# The task:
All of the data below needs to be set down once more, exactly as written.

# Dataset records:
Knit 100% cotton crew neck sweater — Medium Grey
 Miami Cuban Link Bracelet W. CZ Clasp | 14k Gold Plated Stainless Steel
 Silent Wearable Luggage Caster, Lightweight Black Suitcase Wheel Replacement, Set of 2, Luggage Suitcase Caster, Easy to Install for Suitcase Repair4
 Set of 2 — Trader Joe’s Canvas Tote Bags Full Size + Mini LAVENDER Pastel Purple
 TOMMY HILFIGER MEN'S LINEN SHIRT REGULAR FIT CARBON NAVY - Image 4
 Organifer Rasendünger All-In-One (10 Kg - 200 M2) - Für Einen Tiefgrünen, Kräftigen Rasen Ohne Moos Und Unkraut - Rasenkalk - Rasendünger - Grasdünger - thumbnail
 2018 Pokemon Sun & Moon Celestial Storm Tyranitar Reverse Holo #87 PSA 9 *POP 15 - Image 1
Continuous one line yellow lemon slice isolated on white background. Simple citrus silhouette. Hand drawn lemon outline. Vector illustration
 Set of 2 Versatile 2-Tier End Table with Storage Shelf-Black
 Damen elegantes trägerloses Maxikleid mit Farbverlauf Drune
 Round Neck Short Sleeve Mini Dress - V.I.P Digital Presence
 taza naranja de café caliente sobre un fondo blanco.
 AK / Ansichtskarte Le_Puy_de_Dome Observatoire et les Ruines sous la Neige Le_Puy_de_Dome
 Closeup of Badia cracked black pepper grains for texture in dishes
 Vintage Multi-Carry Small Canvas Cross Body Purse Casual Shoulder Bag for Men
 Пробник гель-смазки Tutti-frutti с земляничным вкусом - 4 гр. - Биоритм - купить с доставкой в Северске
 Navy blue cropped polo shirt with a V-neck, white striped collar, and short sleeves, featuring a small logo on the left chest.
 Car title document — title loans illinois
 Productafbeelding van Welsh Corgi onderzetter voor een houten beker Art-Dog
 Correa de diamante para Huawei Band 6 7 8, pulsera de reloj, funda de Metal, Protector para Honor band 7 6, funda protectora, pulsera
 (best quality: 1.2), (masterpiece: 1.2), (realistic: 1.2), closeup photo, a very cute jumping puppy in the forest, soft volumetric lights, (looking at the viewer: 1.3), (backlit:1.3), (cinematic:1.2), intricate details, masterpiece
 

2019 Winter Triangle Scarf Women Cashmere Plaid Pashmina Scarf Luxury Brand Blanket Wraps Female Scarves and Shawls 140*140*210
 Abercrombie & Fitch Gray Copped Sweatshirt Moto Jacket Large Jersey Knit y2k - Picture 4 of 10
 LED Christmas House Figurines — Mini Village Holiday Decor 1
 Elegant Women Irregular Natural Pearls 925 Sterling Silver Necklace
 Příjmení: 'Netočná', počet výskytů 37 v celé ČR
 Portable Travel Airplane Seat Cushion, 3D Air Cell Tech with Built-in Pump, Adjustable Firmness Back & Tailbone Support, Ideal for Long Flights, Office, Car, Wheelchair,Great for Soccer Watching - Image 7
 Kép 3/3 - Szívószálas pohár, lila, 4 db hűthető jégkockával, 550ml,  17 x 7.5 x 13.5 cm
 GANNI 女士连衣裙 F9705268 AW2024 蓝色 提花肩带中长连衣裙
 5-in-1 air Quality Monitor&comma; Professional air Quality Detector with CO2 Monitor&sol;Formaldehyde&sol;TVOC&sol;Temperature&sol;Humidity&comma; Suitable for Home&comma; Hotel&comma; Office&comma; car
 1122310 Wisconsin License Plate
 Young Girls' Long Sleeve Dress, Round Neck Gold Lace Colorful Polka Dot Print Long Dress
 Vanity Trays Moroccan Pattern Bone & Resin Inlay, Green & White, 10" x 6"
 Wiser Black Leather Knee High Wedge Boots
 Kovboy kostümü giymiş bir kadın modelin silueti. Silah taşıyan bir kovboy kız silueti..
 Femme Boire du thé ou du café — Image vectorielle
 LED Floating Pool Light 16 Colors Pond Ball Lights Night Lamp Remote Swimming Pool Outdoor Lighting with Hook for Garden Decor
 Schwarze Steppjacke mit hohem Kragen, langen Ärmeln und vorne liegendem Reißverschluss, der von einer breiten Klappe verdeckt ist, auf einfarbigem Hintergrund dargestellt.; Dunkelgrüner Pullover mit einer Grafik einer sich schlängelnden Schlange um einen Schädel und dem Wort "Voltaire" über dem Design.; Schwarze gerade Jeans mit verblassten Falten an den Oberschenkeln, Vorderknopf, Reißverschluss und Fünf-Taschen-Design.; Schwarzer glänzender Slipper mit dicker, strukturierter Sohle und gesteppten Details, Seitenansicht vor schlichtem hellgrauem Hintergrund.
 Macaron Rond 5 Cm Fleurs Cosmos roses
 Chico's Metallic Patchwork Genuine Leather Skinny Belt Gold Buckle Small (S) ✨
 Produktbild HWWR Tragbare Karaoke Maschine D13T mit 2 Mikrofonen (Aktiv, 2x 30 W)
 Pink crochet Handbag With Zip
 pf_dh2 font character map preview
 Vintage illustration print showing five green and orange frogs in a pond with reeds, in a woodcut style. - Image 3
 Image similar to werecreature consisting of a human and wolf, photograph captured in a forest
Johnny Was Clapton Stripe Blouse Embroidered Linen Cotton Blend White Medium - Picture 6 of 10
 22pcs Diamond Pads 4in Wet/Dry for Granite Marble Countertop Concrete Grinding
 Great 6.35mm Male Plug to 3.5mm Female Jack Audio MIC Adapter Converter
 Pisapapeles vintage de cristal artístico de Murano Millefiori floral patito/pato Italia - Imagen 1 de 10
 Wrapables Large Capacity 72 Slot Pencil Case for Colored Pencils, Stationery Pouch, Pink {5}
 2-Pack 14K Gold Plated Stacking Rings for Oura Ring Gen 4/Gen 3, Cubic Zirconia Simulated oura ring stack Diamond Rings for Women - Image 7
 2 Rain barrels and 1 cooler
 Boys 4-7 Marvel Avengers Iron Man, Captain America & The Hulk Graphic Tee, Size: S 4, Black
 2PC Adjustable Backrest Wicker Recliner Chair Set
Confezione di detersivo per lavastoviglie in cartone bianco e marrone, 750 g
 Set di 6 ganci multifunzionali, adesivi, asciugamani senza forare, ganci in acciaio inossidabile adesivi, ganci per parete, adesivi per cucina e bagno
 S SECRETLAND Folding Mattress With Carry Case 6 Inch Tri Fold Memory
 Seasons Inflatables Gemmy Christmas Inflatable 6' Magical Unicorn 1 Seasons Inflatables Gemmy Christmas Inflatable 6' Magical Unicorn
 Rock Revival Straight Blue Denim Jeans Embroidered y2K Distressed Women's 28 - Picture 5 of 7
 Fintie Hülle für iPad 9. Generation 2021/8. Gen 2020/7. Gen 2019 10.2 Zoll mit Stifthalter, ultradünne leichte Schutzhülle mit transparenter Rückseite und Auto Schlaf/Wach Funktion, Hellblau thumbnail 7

# Your solution:
Knit 100% cotton crew neck sweater — Medium Grey
 Miami Cuban Link Bracelet W. CZ Clasp | 14k Gold Plated Stainless Steel
 Silent Wearable Luggage Caster, Lightweight Black Suitcase Wheel Replacement, Set of 2, Luggage Suitcase Caster, Easy to Install for Suitcase Repair4
 Set of 2 — Trader Joe’s Canvas Tote Bags Full Size + Mini LAVENDER Pastel Purple
 TOMMY HILFIGER MEN'S LINEN SHIRT REGULAR FIT CARBON NAVY - Image 4
 Organifer Rasendünger All-In-One (10 Kg - 200 M2) - Für Einen Tiefgrünen, Kräftigen Rasen Ohne Moos Und Unkraut - Rasenkalk - Rasendünger - Grasdünger - thumbnail
 2018 Pokemon Sun & Moon Celestial Storm Tyranitar Reverse Holo #87 PSA 9 *POP 15 - Image 1
Continuous one line yellow lemon slice isolated on white background. Simple citrus silhouette. Hand drawn lemon outline. Vector illustration
 Set of 2 Versatile 2-Tier End Table with Storage Shelf-Black
 Damen elegantes trägerloses Maxikleid mit Farbverlauf Drune
 Round Neck Short Sleeve Mini Dress - V.I.P Digital Presence
 taza naranja de café caliente sobre un fondo blanco.
 AK / Ansichtskarte Le_Puy_de_Dome Observatoire et les Ruines sous la Neige Le_Puy_de_Dome
 Closeup of Badia cracked black pepper grains for texture in dishes
 Vintage Multi-Carry Small Canvas Cross Body Purse Casual Shoulder Bag for Men
 Пробник гель-смазки Tutti-frutti с земляничным вкусом - 4 гр. - Биоритм - купить с доставкой в Северске
 Navy blue cropped polo shirt with a V-neck, white striped collar, and short sleeves, featuring a small logo on the left chest.
 Car title document — title loans illinois
 Productafbeelding van Welsh Corgi onderzetter voor een houten beker Art-Dog
 Correa de diamante para Huawei Band 6 7 8, pulsera de reloj, funda de Metal, Protector para Honor band 7 6, funda protectora, pulsera
 (best quality: 1.2), (masterpiece: 1.2), (realistic: 1.2), closeup photo, a very cute jumping puppy in the forest, soft volumetric lights, (looking at the viewer: 1.3), (backlit:1.3), (cinematic:1.2), intricate details, masterpiece
 

2019 Winter Triangle Scarf Women Cashmere Plaid Pashmina Scarf Luxury Brand Blanket Wraps Female Scarves and Shawls 140*140*210
 Abercrombie & Fitch Gray Copped Sweatshirt Moto Jacket Large Jersey Knit y2k - Picture 4 of 10
 LED Christmas House Figurines — Mini Village Holiday Decor 1
 Elegant Women Irregular Natural Pearls 925 Sterling Silver Necklace
 Příjmení: 'Netočná', počet výskytů 37 v celé ČR
 Portable Travel Airplane Seat Cushion, 3D Air Cell Tech with Built-in Pump, Adjustable Firmness Back & Tailbone Support, Ideal for Long Flights, Office, Car, Wheelchair,Great for Soccer Watching - Image 7
 Kép 3/3 - Szívószálas pohár, lila, 4 db hűthető jégkockával, 550ml,  17 x 7.5 x 13.5 cm
 GANNI 女士连衣裙 F9705268 AW2024 蓝色 提花肩带中长连衣裙
 5-in-1 air Quality Monitor&comma; Professional air Quality Detector with CO2 Monitor&sol;Formaldehyde&sol;TVOC&sol;Temperature&sol;Humidity&comma; Suitable for Home&comma; Hotel&comma; Office&comma; car
 1122310 Wisconsin License Plate
 Young Girls' Long Sleeve Dress, Round Neck Gold Lace Colorful Polka Dot Print Long Dress
 Vanity Trays Moroccan Pattern Bone & Resin Inlay, Green & White, 10" x 6"
 Wiser Black Leather Knee High Wedge Boots
 Kovboy kostümü giymiş bir kadın modelin silueti. Silah taşıyan bir kovboy kız silueti..
 Femme Boire du thé ou du café — Image vectorielle
 LED Floating Pool Light 16 Colors Pond Ball Lights Night Lamp Remote Swimming Pool Outdoor Lighting with Hook for Garden Decor
 Schwarze Steppjacke mit hohem Kragen, langen Ärmeln und vorne liegendem Reißverschluss, der von einer breiten Klappe verdeckt ist, auf einfarbigem Hintergrund dargestellt.; Dunkelgrüner Pullover mit einer Grafik einer sich schlängelnden Schlange um einen Schädel und dem Wort "Voltaire" über dem Design.; Schwarze gerade Jeans mit verblassten Falten an den Oberschenkeln, Vorderknopf, Reißverschluss und Fünf-Taschen-Design.; Schwarzer glänzender Slipper mit dicker, strukturierter Sohle und gesteppten Details, Seitenansicht vor schlichtem hellgrauem Hintergrund.
 Macaron Rond 5 Cm Fleurs Cosmos roses
 Chico's Metallic Patchwork Genuine Leather Skinny Belt Gold Buckle Small (S) ✨
 Produktbild HWWR Tragbare Karaoke Maschine D13T mit 2 Mikrofonen (Aktiv, 2x 30 W)
 Pink crochet Handbag With Zip
 pf_dh2 font character map preview
 Vintage illustration print showing five green and orange frogs in a pond with reeds, in a woodcut style. - Image 3
 Image similar to werecreature consisting of a human and wolf, photograph captured in a forest
Johnny Was Clapton Stripe Blouse Embroidered Linen Cotton Blend White Medium - Picture 6 of 10
 22pcs Diamond Pads 4in Wet/Dry for Granite Marble Countertop Concrete Grinding
 Great 6.35mm Male Plug to 3.5mm Female Jack Audio MIC Adapter Converter
 Pisapapeles vintage de cristal artístico de Murano Millefiori floral patito/pato Italia - Imagen 1 de 10
 Wrapables Large Capacity 72 Slot Pencil Case for Colored Pencils, Stationery Pouch, Pink {5}
 2-Pack 14K Gold Plated Stacking Rings for Oura Ring Gen 4/Gen 3, Cubic Zirconia Simulated oura ring stack Diamond Rings for Women - Image 7
 2 Rain barrels and 1 cooler
 Boys 4-7 Marvel Avengers Iron Man, Captain America & The Hulk Graphic Tee, Size: S 4, Black
 2PC Adjustable Backrest Wicker Recliner Chair Set
Confezione di detersivo per lavastoviglie in cartone bianco e marrone, 750 g
 Set di 6 ganci multifunzionali, adesivi, asciugamani senza forare, ganci in acciaio inossidabile adesivi, ganci per parete, adesivi per cucina e bagno
 S SECRETLAND Folding Mattress With Carry Case 6 Inch Tri Fold Memory
 Seasons Inflatables Gemmy Christmas Inflatable 6' Magical Unicorn 1 Seasons Inflatables Gemmy Christmas Inflatable 6' Magical Unicorn
 Rock Revival Straight Blue Denim Jeans Embroidered y2K Distressed Women's 28 - Picture 5 of 7
 Fintie Hülle für iPad 9. Generation 2021/8. Gen 2020/7. Gen 2019 10.2 Zoll mit Stifthalter, ultradünne leichte Schutzhülle mit transparenter Rückseite und Auto Schlaf/Wach Funktion, Hellblau thumbnail 7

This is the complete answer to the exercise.